Andriej Konstantinow w swoim Podsumowaniu Tygodnia w Fontance przypomniał, że i tak najważniejsze, to ten promień Bożej łaski.  Jako przykład podał ostatnie lądowanie airbusa A321 bez podwozia na polu kukurydzy. Samolot tuż po starcie uderzył w chmurę mew, które unieruchomiły oba silniki.  Przy małej wysokości i prędkości kapitan nie miał pola manewru, ale z Boską pomocą, bez podwozia szczęśliwie  wylądował na błotnistym  polu kukurydzy tuż za lotniskiem. Putin nagrodził pilotów tytułem bohatera RF i Złotą Gwiazdą, a ranni (74) otrzymali jako rekompensatę po 100 tys. rubli. Nikt nie zginął. I tyle pozytywów ze strony sił niebieskich. Dużo gorzej niebiosa  spisują się  w zakresie pogody: mimo zaklęć szamanów syberyjskich, procesji prawosławnych i przysiąg Putina, że armia czyni cuda przy gaszeniu pożarów lasu,  jakby się zawzięły i ani myślą zesłać ulewy. Dzisiaj, 16 sierpnia 2019, nadal płonie, jak miesiąc temu,  3 mln ha lasu.  Już już ograniczono nieco zasięg a tu wciąż pojawiają się nowe pożary.

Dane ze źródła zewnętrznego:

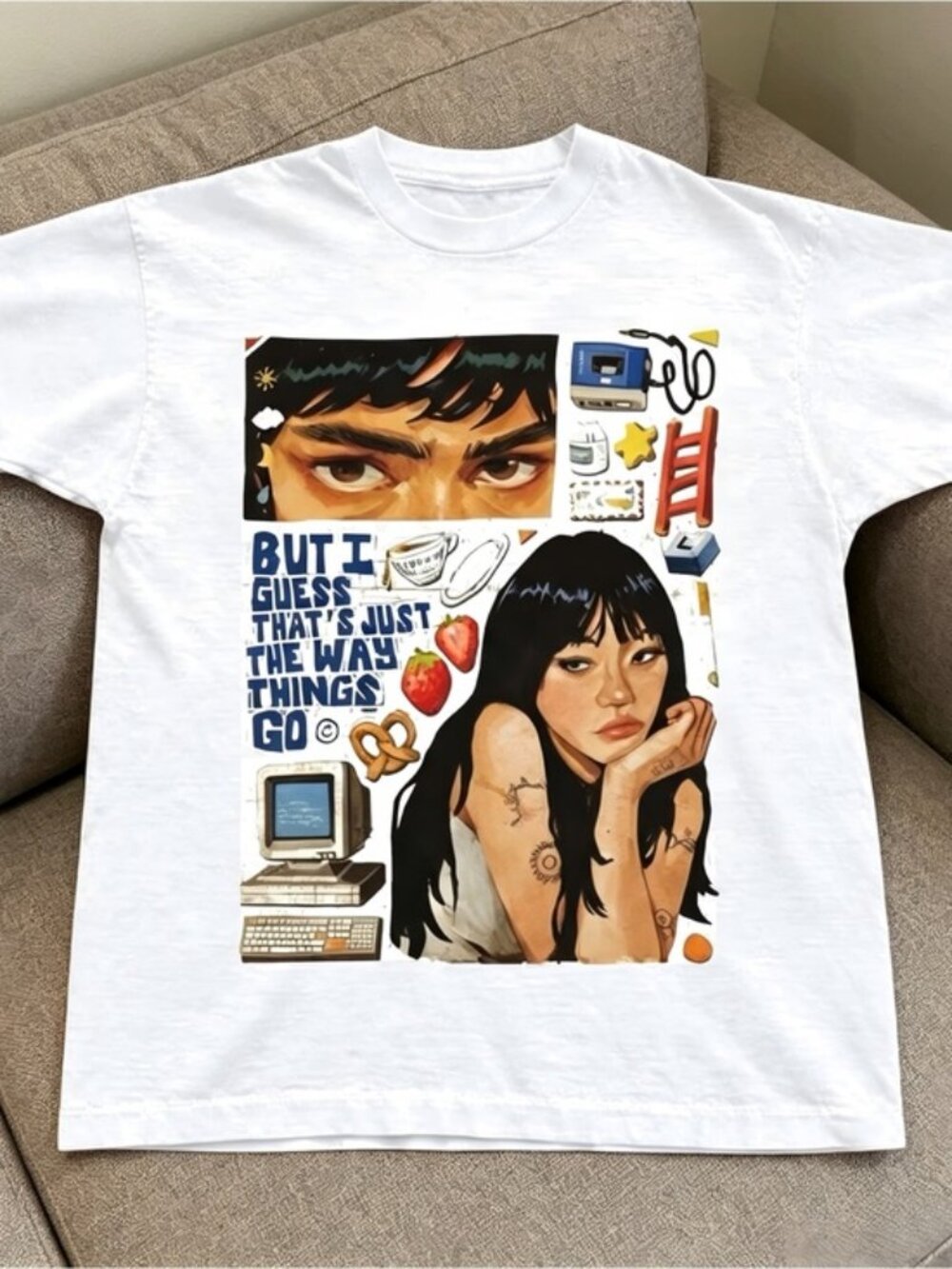 White Women Men T-shirt unisex with a girl graphic, unique design.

 W Jakucji zanotowano 155 nowych ognisk co przekłada się na 880 224 ha ognia, w Kraju Krasnojarskim 30 nowych ognisk 844 771 ha, w Irkucji – 48 – 600 tys. ha. W sumie znacznie  przekroczono już obszar jaki spalił się rok temu.  W połowie sierpnia pali się z nową siłą, pojawiają kolejne pożary i nic nie zapowiada, że niebiosa ześlą oczekiwany deszcz.  Media (krajowe i światowe) przezornie przestały zajmować się tematyką, a władze Rosji szukają winnych.  Miedwiediew nakazał rozpatrzyć wersję świadomych podpaleń i są pierwsze oskarżenia. Nieoficjalnie  leśnicy informują, że nielegalny wyrąb lasu, w tym skupisk cedrów  i zacieranie śladów podpaleniami są od lat powszechne, o czym wszyscy wiedzą i co po cichu aprobują.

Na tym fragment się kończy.